不知谁被她这般痛咒自己的话气到伤到,还是因她将过往的情意贬损得一文不值,将帝王的真心踩在了脚底,皇帝也不禁生出满腹的嗤讽。
可才生起的一点帝王威焰,又在看到那滴眼泪之时,彻底败下阵来。
迟疑不过一息,萧放一把上前搂住人,就像是意识到倘或再不抱紧些,他就要彻底失去她了。
直至一身盈盈的暖热入怀,皇帝方才恢复知觉一般,感受到右手钻心的疼痛,面色愈发苍白唇角却有笑意。直至注意到她捂着腹部的动作,才又攒起眉问:“可是又不舒服了?”
青簪定定地垂看着地面,并不说话。
皇帝无奈一叹,松开她,“朕不气你了,朕可以走。但你要让太医进来,不可讳疾忌医。如果朕的骨肉有什么三长两短——”
他稍一沉默,道:“朕会和你再要一个。”
青簪登时瞠目结舌地抬起脸。
皇帝知道此句一出,自己在她心中一定更加糟糕透顶,却只勾唇道:“吓你的,朕不会对你用强,也别给朕这个机会。”

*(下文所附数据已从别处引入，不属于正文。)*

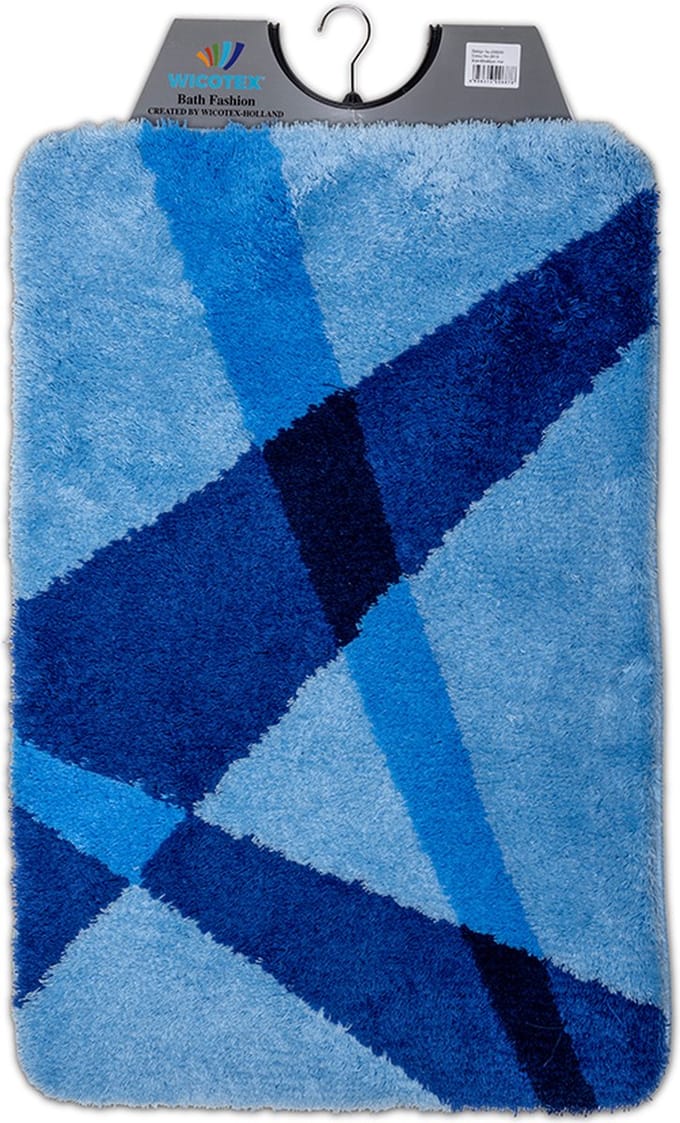 Wicotex - Badmat Blauw gestreept - Badmat - Antislip onderkant - Afmeting 60x90cm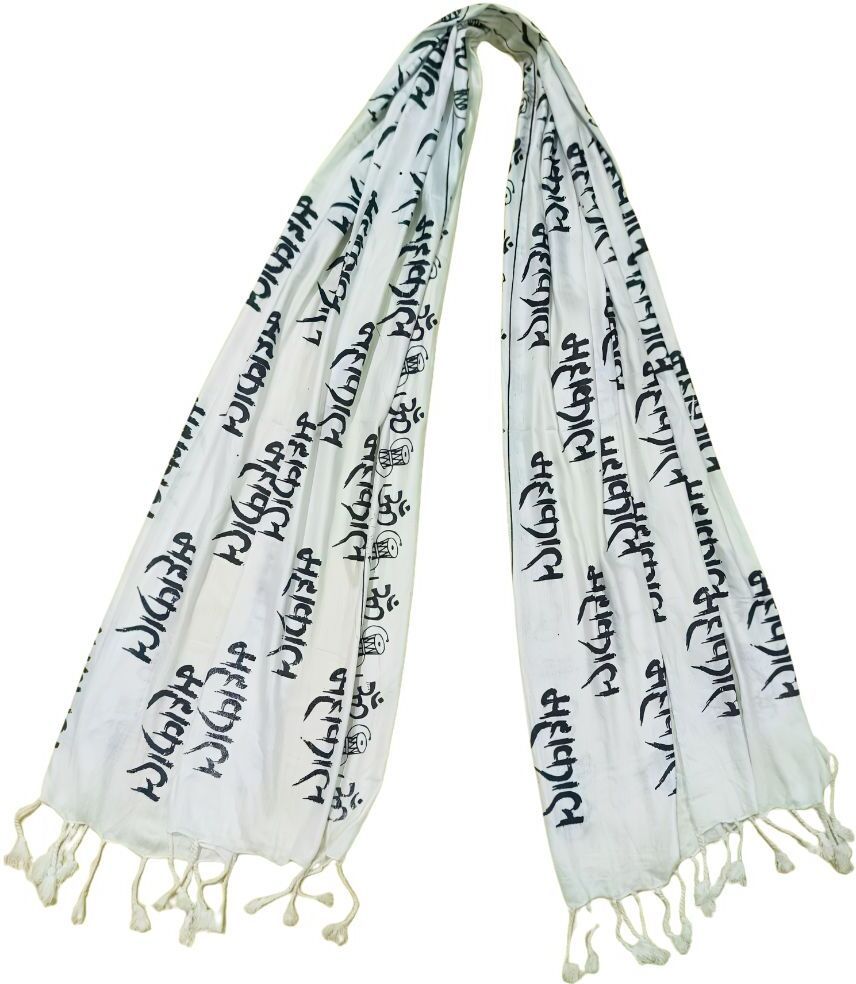 Printed, Self Design Rayon Men White Scarf-image-23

趁着她还没躲太远的时候,皇帝攫住她的手臂,微微低头,薄唇在她眉心温柔轻碰。隐忍克制,点到即止。
然后就任着人身子如惊鹿一般退后。
她的神色依旧清冷沉凝,带着拒人千里的冷漠,眼神却又似在控诉他,不是不会用强?
皇帝的笑容顿生虚惨:“亲一下不算。”
他说到做到,果然不再耽留,转身就离去。
毕竟,被她伤到的这只手若再不处理,也许真要废了。